A veteran strategist says a famed recession indicator is signaling underperformance for tech stocks
IPO
- Strategist Jim Paulsen says tech stocks are poised to underperform.
- When the yield curve steepens, tech earnings tend to lag behind the market within 18 months, he said.
- Economic conditions are easing, which can lead to stronger performance in other parts of the market.
The market's most notorious recession indicator is sending investors a new message: tech stocks are about to get left behind.
That's according to Jim Paulsen, a Wall Street veteran and the former chief investment strategist of The Leuthold Group, who said he's eyeing recent moves in the yield curve — the spread between long and short-term US Treasury yields, which has famously predicted every recession since 1955.

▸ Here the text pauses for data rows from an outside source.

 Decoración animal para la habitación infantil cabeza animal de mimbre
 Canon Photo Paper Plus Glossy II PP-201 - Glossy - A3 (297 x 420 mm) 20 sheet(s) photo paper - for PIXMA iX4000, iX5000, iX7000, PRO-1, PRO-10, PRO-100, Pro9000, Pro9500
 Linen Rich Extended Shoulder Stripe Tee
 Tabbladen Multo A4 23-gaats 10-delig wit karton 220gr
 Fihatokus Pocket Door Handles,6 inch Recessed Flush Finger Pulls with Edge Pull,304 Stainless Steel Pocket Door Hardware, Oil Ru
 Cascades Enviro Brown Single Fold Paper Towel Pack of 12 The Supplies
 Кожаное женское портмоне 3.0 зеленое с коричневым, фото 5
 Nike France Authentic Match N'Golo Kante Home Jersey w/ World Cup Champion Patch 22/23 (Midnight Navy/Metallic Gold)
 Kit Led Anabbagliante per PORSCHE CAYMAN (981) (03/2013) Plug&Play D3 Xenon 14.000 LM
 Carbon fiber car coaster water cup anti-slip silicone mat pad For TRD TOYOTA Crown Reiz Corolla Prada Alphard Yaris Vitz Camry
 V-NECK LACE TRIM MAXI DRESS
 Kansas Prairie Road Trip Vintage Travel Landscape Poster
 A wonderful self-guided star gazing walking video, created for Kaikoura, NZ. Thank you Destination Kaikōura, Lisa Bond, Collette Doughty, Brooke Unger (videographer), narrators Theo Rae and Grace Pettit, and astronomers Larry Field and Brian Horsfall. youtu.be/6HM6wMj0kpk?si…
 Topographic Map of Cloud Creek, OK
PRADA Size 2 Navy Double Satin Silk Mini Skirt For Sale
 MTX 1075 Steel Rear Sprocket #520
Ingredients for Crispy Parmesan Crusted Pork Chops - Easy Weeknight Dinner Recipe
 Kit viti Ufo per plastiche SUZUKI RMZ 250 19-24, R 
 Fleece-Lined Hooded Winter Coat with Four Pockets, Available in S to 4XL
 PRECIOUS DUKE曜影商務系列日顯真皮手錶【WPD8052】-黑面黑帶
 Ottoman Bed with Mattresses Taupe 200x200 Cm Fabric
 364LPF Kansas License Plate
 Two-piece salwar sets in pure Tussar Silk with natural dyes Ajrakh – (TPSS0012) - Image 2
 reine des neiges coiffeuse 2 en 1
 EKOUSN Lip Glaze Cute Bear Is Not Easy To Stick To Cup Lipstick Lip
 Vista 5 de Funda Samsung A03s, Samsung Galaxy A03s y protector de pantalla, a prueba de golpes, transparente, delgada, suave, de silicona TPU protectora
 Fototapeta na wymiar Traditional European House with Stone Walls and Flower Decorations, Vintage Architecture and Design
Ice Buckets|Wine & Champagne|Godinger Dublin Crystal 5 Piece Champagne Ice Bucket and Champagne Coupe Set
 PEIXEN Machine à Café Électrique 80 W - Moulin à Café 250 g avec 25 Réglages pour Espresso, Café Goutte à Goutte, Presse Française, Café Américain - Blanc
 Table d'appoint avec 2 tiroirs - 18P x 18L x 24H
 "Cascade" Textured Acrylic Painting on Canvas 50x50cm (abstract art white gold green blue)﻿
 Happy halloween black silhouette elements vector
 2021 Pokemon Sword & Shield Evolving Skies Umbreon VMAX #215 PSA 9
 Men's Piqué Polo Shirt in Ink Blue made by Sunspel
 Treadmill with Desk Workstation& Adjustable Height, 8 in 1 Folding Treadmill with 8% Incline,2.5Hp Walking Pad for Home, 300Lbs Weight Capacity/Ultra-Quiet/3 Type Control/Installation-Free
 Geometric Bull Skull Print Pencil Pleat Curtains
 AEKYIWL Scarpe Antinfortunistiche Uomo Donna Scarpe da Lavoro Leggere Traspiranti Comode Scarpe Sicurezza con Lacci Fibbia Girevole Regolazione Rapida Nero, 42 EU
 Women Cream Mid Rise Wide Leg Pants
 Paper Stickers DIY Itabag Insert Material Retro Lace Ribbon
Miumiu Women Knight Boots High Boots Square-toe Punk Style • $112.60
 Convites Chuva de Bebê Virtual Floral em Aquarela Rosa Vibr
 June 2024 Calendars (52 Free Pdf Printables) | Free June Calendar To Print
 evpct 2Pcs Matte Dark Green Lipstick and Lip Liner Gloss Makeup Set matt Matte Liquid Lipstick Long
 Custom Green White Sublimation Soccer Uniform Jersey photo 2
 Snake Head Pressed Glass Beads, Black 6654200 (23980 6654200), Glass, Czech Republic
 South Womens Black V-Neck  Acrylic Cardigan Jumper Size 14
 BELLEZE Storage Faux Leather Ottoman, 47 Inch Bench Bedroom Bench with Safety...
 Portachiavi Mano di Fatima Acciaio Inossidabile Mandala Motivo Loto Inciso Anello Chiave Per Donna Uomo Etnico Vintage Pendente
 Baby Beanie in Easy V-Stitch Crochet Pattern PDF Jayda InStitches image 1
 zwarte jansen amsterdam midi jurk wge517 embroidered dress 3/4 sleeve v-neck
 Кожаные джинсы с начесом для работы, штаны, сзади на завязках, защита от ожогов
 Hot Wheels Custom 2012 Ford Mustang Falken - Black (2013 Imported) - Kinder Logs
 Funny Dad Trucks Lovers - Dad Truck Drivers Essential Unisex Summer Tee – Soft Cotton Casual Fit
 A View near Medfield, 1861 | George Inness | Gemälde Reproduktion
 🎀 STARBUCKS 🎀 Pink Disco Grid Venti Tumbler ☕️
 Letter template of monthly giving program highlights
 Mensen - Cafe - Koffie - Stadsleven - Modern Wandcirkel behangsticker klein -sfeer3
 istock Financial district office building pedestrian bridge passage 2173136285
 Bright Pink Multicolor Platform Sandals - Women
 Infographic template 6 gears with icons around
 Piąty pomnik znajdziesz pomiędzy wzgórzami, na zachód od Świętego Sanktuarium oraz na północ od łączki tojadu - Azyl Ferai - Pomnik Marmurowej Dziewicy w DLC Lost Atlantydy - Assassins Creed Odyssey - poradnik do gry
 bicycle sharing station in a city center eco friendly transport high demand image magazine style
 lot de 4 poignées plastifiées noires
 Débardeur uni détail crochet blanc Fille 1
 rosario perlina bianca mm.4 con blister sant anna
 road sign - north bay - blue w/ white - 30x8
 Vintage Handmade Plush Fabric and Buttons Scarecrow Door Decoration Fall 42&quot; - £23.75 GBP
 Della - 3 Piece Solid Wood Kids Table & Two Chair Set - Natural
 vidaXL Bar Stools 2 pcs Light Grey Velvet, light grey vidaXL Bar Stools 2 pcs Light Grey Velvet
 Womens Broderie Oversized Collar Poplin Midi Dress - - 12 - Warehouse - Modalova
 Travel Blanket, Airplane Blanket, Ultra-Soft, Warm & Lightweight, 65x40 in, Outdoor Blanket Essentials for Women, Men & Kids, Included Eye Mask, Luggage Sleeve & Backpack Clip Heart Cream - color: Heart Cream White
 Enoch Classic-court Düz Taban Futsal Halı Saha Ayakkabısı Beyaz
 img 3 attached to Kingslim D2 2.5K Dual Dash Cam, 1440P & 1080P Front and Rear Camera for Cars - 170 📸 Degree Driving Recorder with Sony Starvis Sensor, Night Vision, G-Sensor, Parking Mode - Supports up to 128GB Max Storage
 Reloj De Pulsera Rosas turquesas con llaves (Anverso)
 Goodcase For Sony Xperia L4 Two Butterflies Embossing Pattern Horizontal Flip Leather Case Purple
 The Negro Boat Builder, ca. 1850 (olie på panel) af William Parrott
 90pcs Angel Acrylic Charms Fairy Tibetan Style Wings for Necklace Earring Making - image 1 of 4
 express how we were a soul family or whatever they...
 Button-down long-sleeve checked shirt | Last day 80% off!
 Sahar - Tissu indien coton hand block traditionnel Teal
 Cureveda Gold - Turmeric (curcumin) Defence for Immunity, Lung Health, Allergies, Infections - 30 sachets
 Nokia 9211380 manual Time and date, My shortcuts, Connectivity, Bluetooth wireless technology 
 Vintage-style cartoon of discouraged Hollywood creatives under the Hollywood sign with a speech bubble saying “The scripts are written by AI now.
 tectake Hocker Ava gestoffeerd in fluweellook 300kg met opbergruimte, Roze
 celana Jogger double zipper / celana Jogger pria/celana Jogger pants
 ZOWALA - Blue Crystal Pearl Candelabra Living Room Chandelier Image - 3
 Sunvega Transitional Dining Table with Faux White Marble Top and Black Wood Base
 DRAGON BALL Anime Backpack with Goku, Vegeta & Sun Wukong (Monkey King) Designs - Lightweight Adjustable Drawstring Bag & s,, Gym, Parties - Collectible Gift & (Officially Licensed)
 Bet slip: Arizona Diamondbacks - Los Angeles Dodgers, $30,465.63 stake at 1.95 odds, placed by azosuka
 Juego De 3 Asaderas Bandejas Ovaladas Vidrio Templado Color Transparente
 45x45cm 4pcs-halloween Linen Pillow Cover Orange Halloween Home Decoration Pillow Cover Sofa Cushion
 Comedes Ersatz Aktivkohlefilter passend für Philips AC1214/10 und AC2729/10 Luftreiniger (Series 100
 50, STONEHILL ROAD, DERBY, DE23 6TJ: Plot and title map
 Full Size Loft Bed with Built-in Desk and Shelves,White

The yield curve has steepened in recent months, a sign that investors expect long-term yields to surpass short-term yields. That tends to be a leading indicator that earnings growth in the tech and communications sector is bound to underperform the broader market, with an average lag time of around 18 months before earnings start to fall behind, per Paulsen's analysis.
The market is already seeing stronger performance in other corners. While the information technology sector is still one of the market's best performers, it's been outpaced by gains in energy, up 27% year-to-date, and materials, up 14% year-to-date.
Paulsen said he believes the change in market leadership away from "new era" tech stocks may be fueled by an increasingly accommodative economic environment, which is driving stronger performance across the broader market. In periods when the Fed was hiking rates, new era stocks outperformed other sectors by a wide margin, he noted.
"I'm certainly not positive the yield curve signal highlighted in this report will prove successful. But I think a tilt away from new era stocks toward broader market sectors during the balance of this year, and perhaps beyond, may have merit," Paulsen wrote on Monday.
The yield curve — which predicts an economic downturn when the spread between the 10-year and 2-year Treasury yields is inverted — has been known to produce false positives in its recession forecasts. The curve was inverted from 2022 to 2024, though the US never fell into an official recession.
Still, Paulsen said there are a few reasons investors "should pay attention" to the yield curve and what it means for market leadership.
For one, it's likely that financial conditions will continue to ease, given the economic impact of the Iran war on economic growth. Markets are pricing in several rate cuts by the end of the year, according to the CME FedWatch tool.
The money supply — another measure of how loose financial conditions are — is also growing, Paulsen noted, with the M2 money supply rising 4.8% on an annual basis in March.
Stocks in the broader market outside of tech are also priced at "much more reasonable valuations" and are "extremely under owned," he added.
Other forecasters have recommended that investors shift their portfolios away from tech toward other areas of the market on the basis of valuations. Small-cap, industrial, healthcare, and international stocks are some of the areas of the market Wall Street analysts have recommended lately.